# Basic probability

Python activities to complement *Measurements and their Uncertainties* (*MU*), Chapter 3, "Uncertainties as probabilities." 

Author: J. S. Dodge, 2019

* [Preliminaries](#Preliminaries)
* [Probability calculations](#Probability-calculations)
    * [Probability calculations with the uniform distribution](#Probability-calculations-with-the-uniform-distribution)
        * [Programming notes 1](#Programming-notes-1)
        * [Programming notes 2](#Programming-notes-2)
        * [Programming notes 3](#Programming-notes-3)
        * [Programming notes 4](#Programming-notes-4)
    * [Exercise 1](#Exercise-1)
    * [Exercise 2](#Exercise-2)
    * [Probability calculations with the normal distribution](#Probability-calculations-with-the-normal-distribution)
        * [Programming notes 5](#Programming-notes-5)
    * [Exercise 3](#Exercise-3)
    * [Outliers, or: Chauvenet is dead. Let his criterion die with him.](#Outliers,-or&#58;-Chauvenet-is-dead.-Let-his-criterion-die-with-him.)
* [The Poisson distribution](#The-Poisson-distribution)
* [The central limit theorem](#The-central-limit-theorem)
* [Summary](#Summary)
* [Further reading](#Further-reading)

## Preliminaries
Before proceeding with this notebook you should review the topics from the [previous notebook](2.0-Basic-statistics.ipynb) and read *MU* Ch. 3, "Uncertainties as probabilities," with the following [goals](https://wiki.its.sfu.ca/departments/phys-students/index.php/Reading_goals_for_Hughes_and_Hase#Uncertainties_as_probabilities) in mind.

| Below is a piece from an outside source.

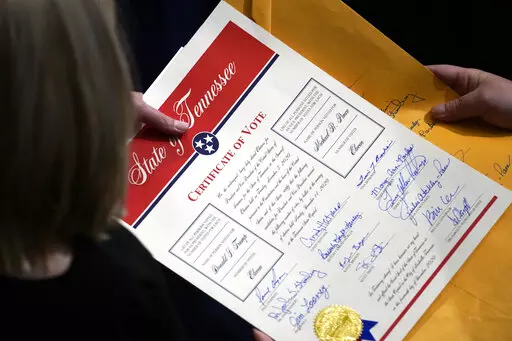 Staff members hold the certification of Electoral College votes from Tennessee during a joint session of the House and Senate to confirm Electoral College votes at the Capitol, early Jan 7, 2021, in Washington. Former President Donald Trump's relentless, false claims about the 2020 presidential election have sparked fresh urgency in Congress for changing the Electoral Count Act. (AP Photo/Andrew Harnik, File)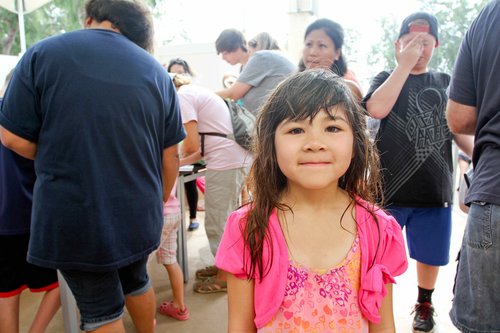 a child posing for a phot o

1. Be able to explain what a probability distribution function $P_\text{DF}(x)$ represents and why Eqs. (3.1) - (3.6) follow from its definition.
2. Be able to recall and use Eqs. (3.1) - (3.3) to perform simple probability calculations for an arbitrary $P_\text{DF}(x)$, including:
    1. Check that $P_\text{DF}(x)$ is properly normalized, and identify the correct normalization factor if it is not;
    2. Evaluate the expectation value of a function $f(x)$; and
    3. Evaluate the expectation value of the mean and the variance.
3. Be able to recall the definitions (3.7) and (3.8) of the Gaussian probability distribution function and the error function, respectively, and know how to use the error function in simple probability calculations like the one given in Sec. 3.2.2.
4. Be aware of the rules described in Sec. 3.3.2 for rejecting outliers, be able to follow a well-defined procedure for doing so, and be able to suggest alternatives to throwing away data points.
5. Be able to describe the basic properties of a Poisson distribution $P(N;\bar{N})$, including:
    1. its functional form;
    2. the kind of experimental data that will be described by it;
    3. the expectation values of its mean and variance; and
    4. the Gaussian probability distribution that approximates it for $N\rightarrow\infty$.
6. Be able to sketch a Poisson distribution for a given mean and standard deviation, and be able to estimate the mean and standard deviation from the plot of a Poisson distribution.
7. Be able to state the central limit theorem and recognize how it is used to justify the assumption of Gaussian errors in many experiments.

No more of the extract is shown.